With the use and implementation of LLM technology, the database needs to be advanced in vector analysis and AI support, and vector database and vector retrieval can "emerge", ushering in the industry to continue to be cared for. In a nutshell, vector retrieval technology and vector databases can provide LLMs with external image units, and the process provides content that is coherent with the answers to the questions and histories, helping the LLMs return more accurate answers.
Not only LLM, vector retrieval has long been related to OLAP engines. As a software for data profiling, OLAP can quickly and efficiently process large amounts of data and provide multi-dimensional profiling functions, while vector retrieval can help OLAP engines further improve the ability to analyze and retrieve unstructured data.
Recently, ByteHouse, the cloud-native data stack of Volcano Engine, has launched a high-function vector retrieval function, which supports a variety of vector retrieval algorithms and efficient implementation links, which can support large-scale vector retrieval scenarios and reach millisecond-level query delays.
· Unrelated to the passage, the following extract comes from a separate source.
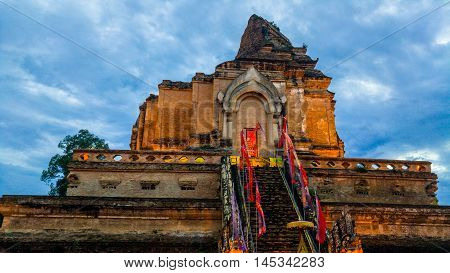 Illuminated Chedi Luang Pagoda at Wat Chedi Luang Temple with cloudy sky at sunset. Popular landmark in Chiang mai, Thailand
The ByteHouse team has been working on vector retrieval technology for a long time. According to bytehouse technical experts, "the current development of vector databases is mainly two ideas, one is to establish a dedicated vector database, based on the vector-centric idea to plan the storage of vector data and indexes and capital governance strategy, the query style is simple, and the supporting data paradigm is limited; The other is to expand the vector retrieval ability based on the existing rare data database, and add the vector index maintenance and query implementation logic in the existing rare data governance mechanism and query implementation link. Now, the two ideas are creating each other's own ideas, and they are developing in the form of complete database function support + high-function vector retrieval. ”
ByteHouse originated from ClickHouse, but ClickHouse has problems such as repeated reading of vector indexes and redundancy, and the availability of vector retrieval scenarios with low delay requirements and high concurrency requirements is weak.
Based on the above analysis, bytehouse can make comprehensive innovations in vector retrieval. First of all, based on the idea of vector-centric, bytehouse has built an efficient vector retrieval implementation link, combined index caching, storage layer filtering and other mechanisms, so that the function can be further broken. In addition, in order to answer divergent application scenarios, ByteHouse supports a variety of multi-common vector indexing algorithms such as HNSW, FLAT, IVFFLAT, and IVFPQ. In addition, the newly introduced vector index supports the current secondary index coherent semantics, and the new implementation link also adapts to the existing interval function, so as to lower the user application threshold and learn the old book, and users can simply use the existing semantics of clickhouse to apply the high-performance vector retrieval function.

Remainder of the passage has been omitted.